--- TASK INPUTS ---

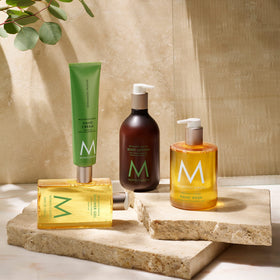 Moroccanoil Shower Gel Bergamote Fraiche surrounded by mint leaves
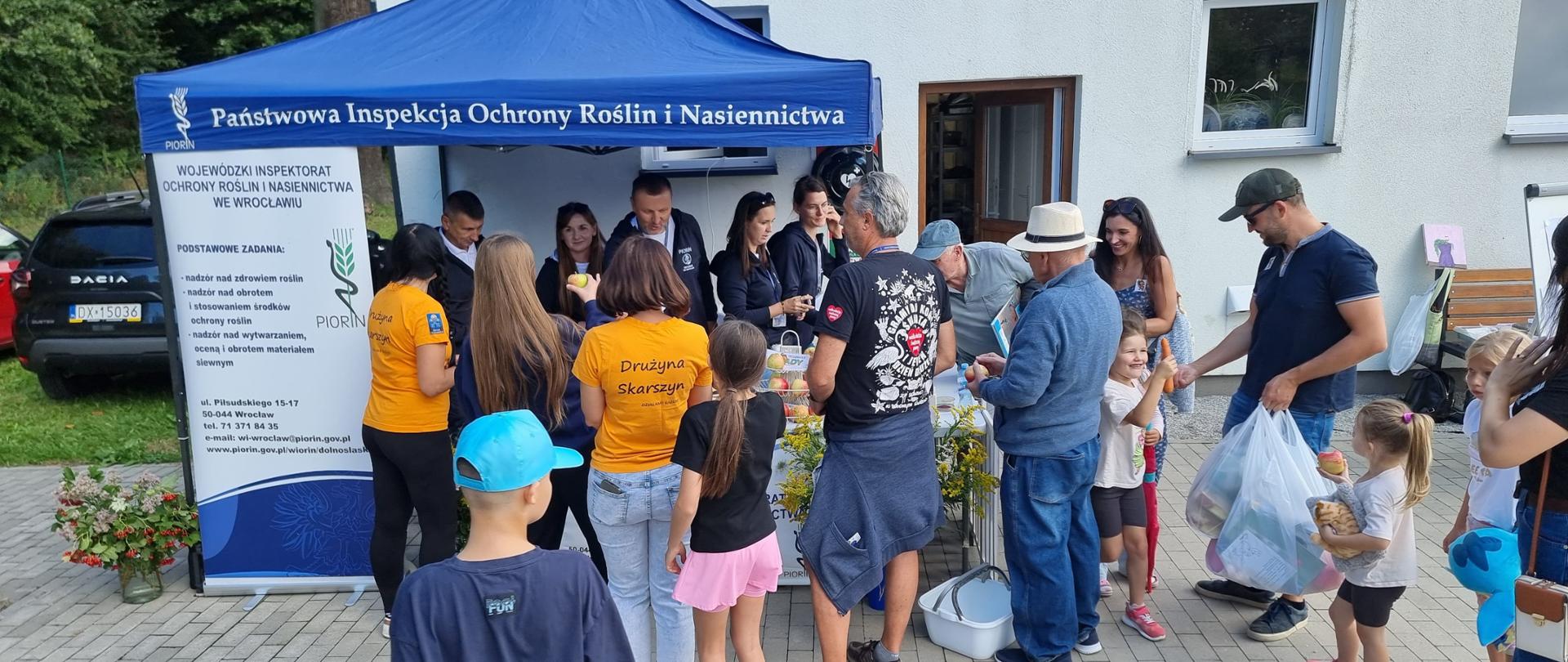 Przed budynkiem świetlicy wiejskiej odbywa się plenerowe wydarzenie. Przy namiocie z napisem „Państwowa Inspekcja Ochrony Roślin i Nasiennictwa” zgromadzili się dorośli i dzieci. Pracownicy stoiska rozmawiają z uczestnikami i przekazują materiały. Wokół stoiska stoją osoby w różnym wieku, w tym dzieci; część uczestników trzyma torby i materiały promocyjne. 
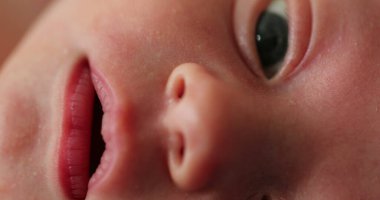 Macro closeup of newborn baby infant face
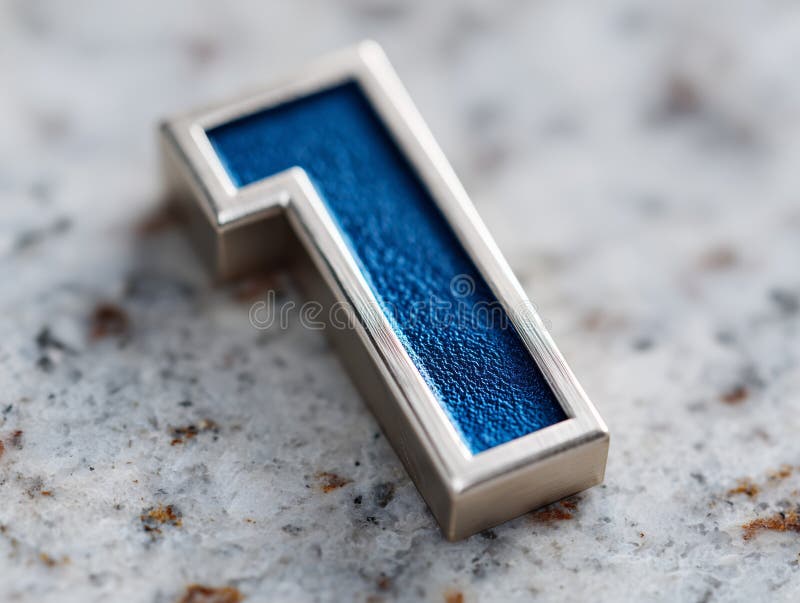 A silver and blue number one on a marble surface royalty free stock photography
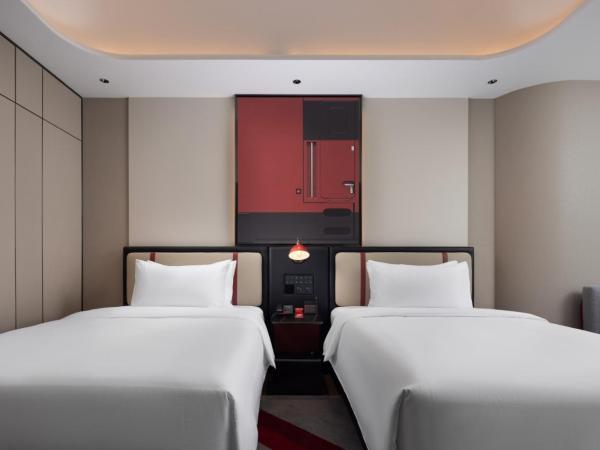 Radisson Red Guangzhou South Railway Station-Canton Fair free shuttle bus & designated license points & Free VPN network : photo 3 de la chambre chambre lits jumeaux deluxe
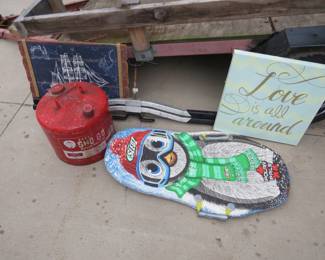 Lot 37. Snowmobile gas can, snow board, snowmobile ski trailer brackets, and more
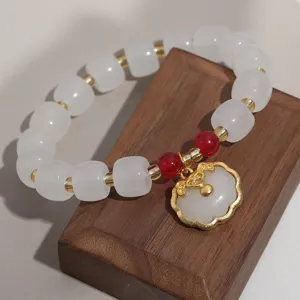 Gros plan détaillé du bracelet de perles blanches avec pierre rouge et pendentif ruyi doré.
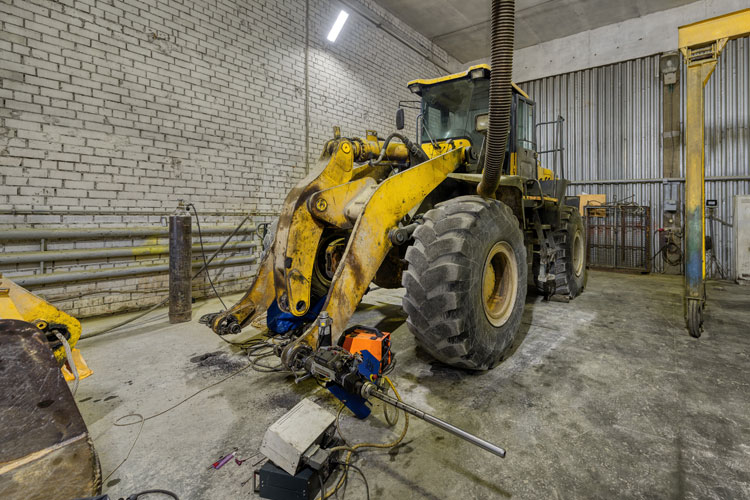 En stor gult gravemaskin står i en verksted med betongvegger og verktøy rundt.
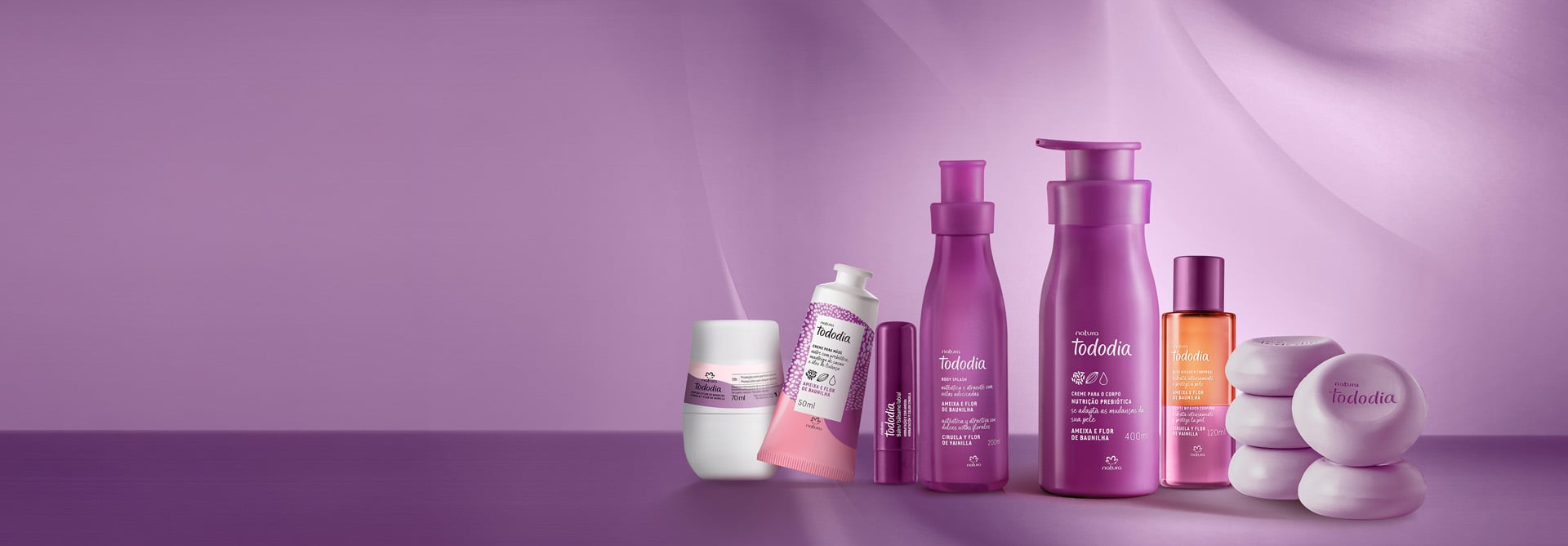 7 produtos de Tododia Ameixa e Flor de Baunilha: desodorante roll-on, balm labial, body splash, óleo bifásico, sabonetes em barra e cremes para o corpo e mãos. Embalagens roxas em fundo lilás.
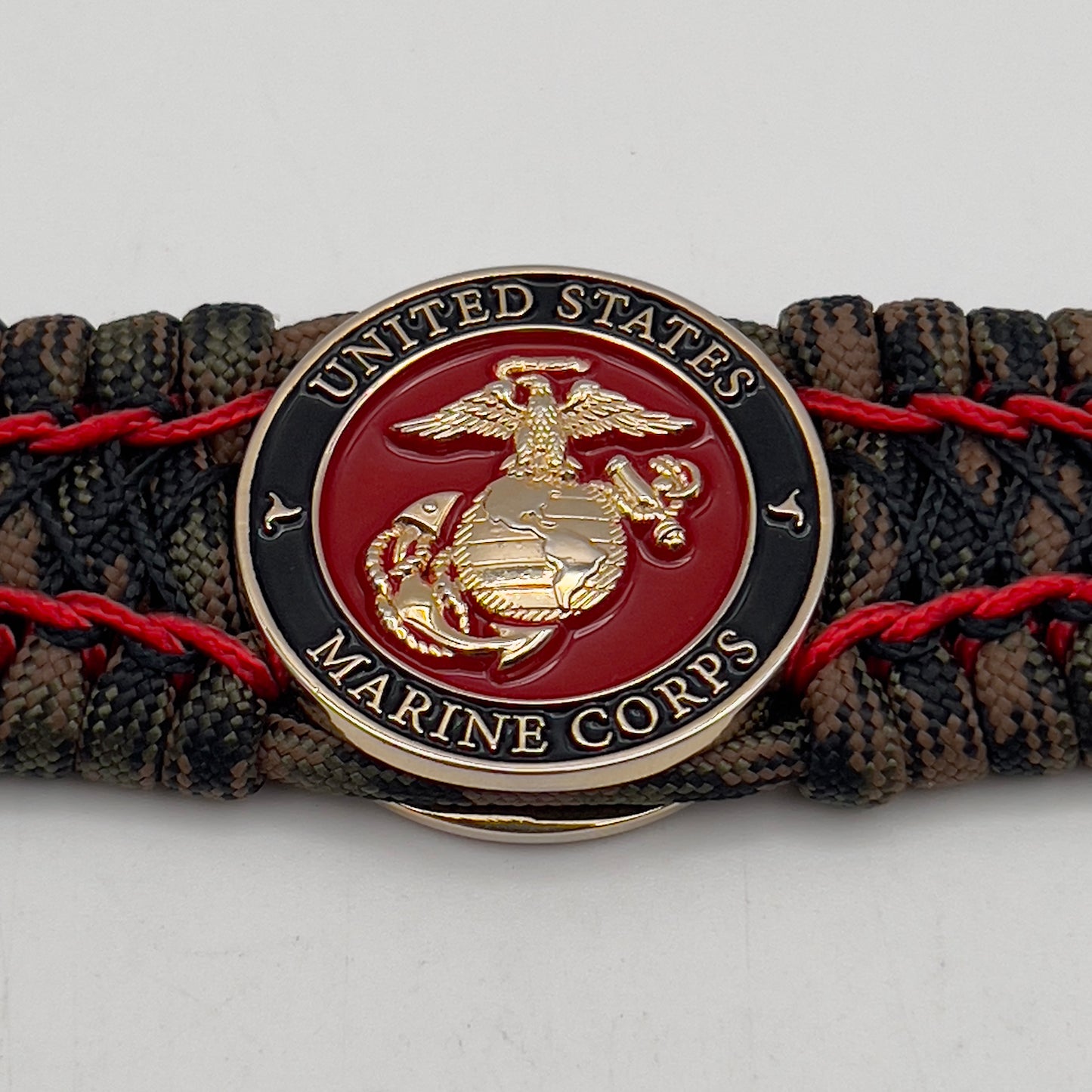Thick, wide, rigid and comfortable braided United States Marine Corps bracelet featuring a 24K gold plated USMC Eagle Globe and Anchor medallion, a gold Cobra style tactical buckle and woven with Woodland Camo 550 paracord and Imperial Red micro and black nano cord.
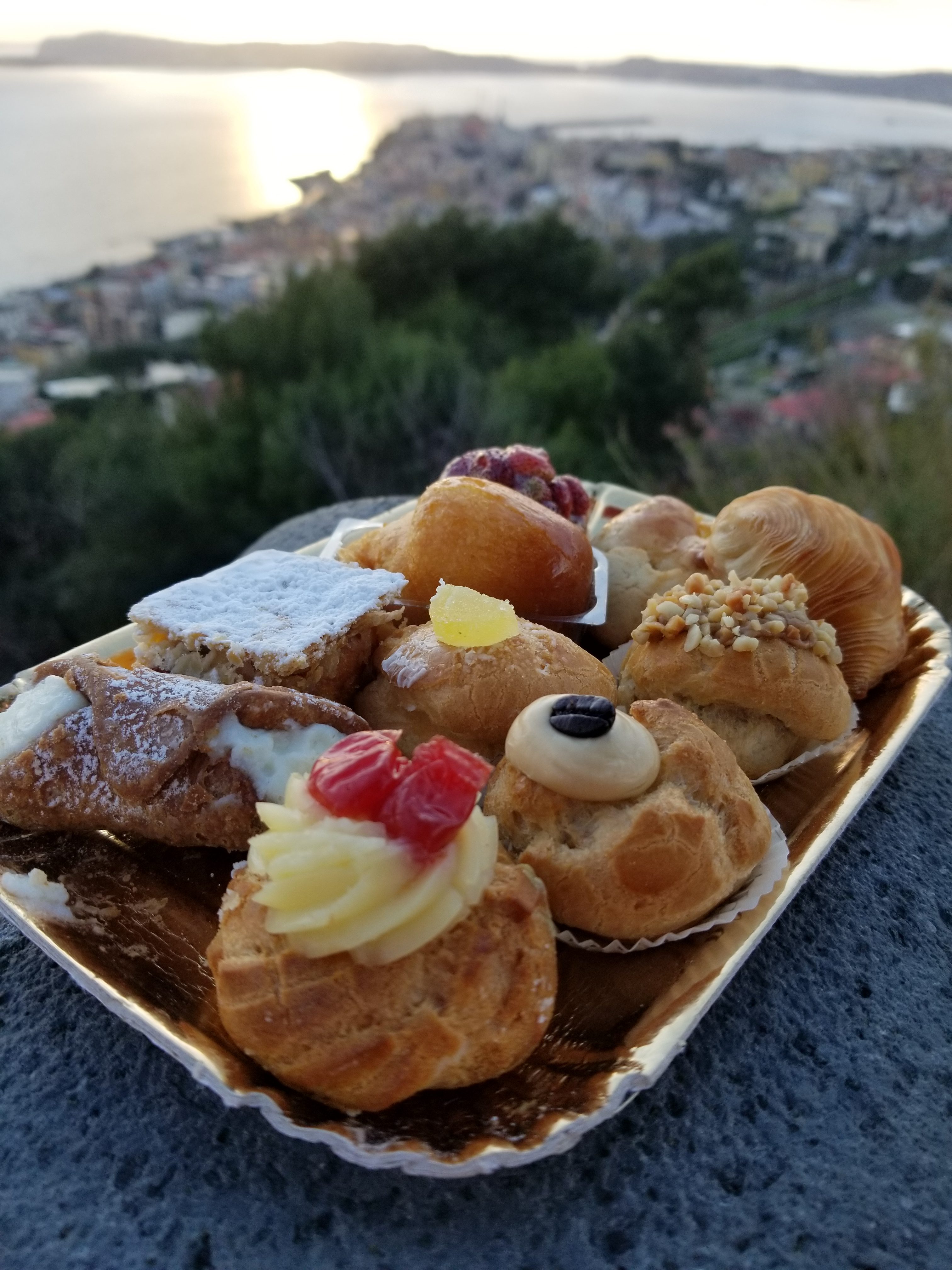 Tray of pastries with sea and city background italy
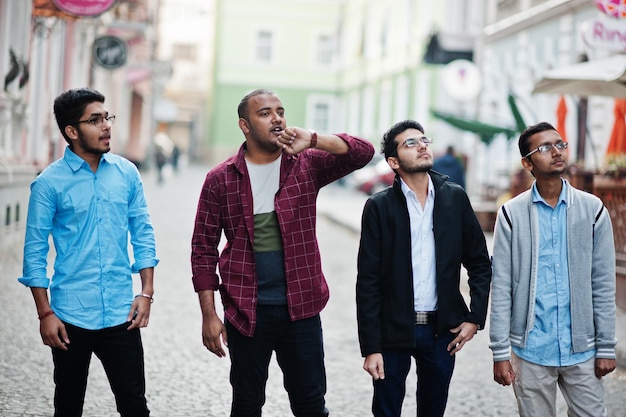 Grupo de quatro estudantes indianos do sexo masculino adolescentes. Os colegas passam tempo juntos.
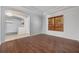 Open living room featuring hardwood flooring, arched doorways, and a large window providing natural light at 5055 Coveview Dr, St Cloud, FL 34771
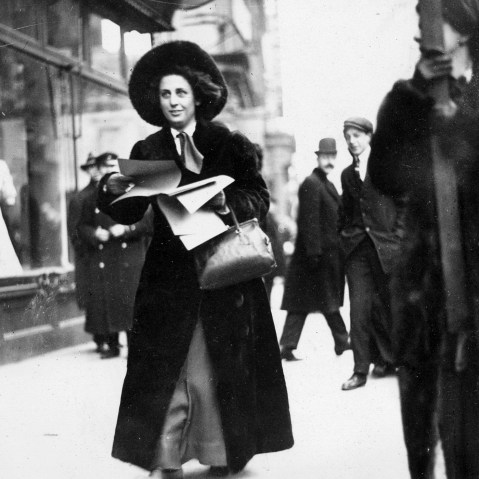 Miss Martha Gruening distributes literature publicizing the Women's Suffrage Movement to passers-by outside the Lyceum Theatre, circa 1912.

---

§ **THE TASK**
The lines to copy exactly start with the line above that has "Radisson Red Guangzhou" and go on through the line that has "En stor gult"; please include both, add nothing else, and omit the pictures.

§ **ANSWER TO THE PROBLEM**
 Radisson Red Guangzhou South Railway Station-Canton Fair free shuttle bus & designated license points & Free VPN network : photo 3 de la chambre chambre lits jumeaux deluxe
 Lot 37. Snowmobile gas can, snow board, snowmobile ski trailer brackets, and more
 Gros plan détaillé du bracelet de perles blanches avec pierre rouge et pendentif ruyi doré.
 En stor gult gravemaskin står i en verksted med betongvegger og verktøy rundt.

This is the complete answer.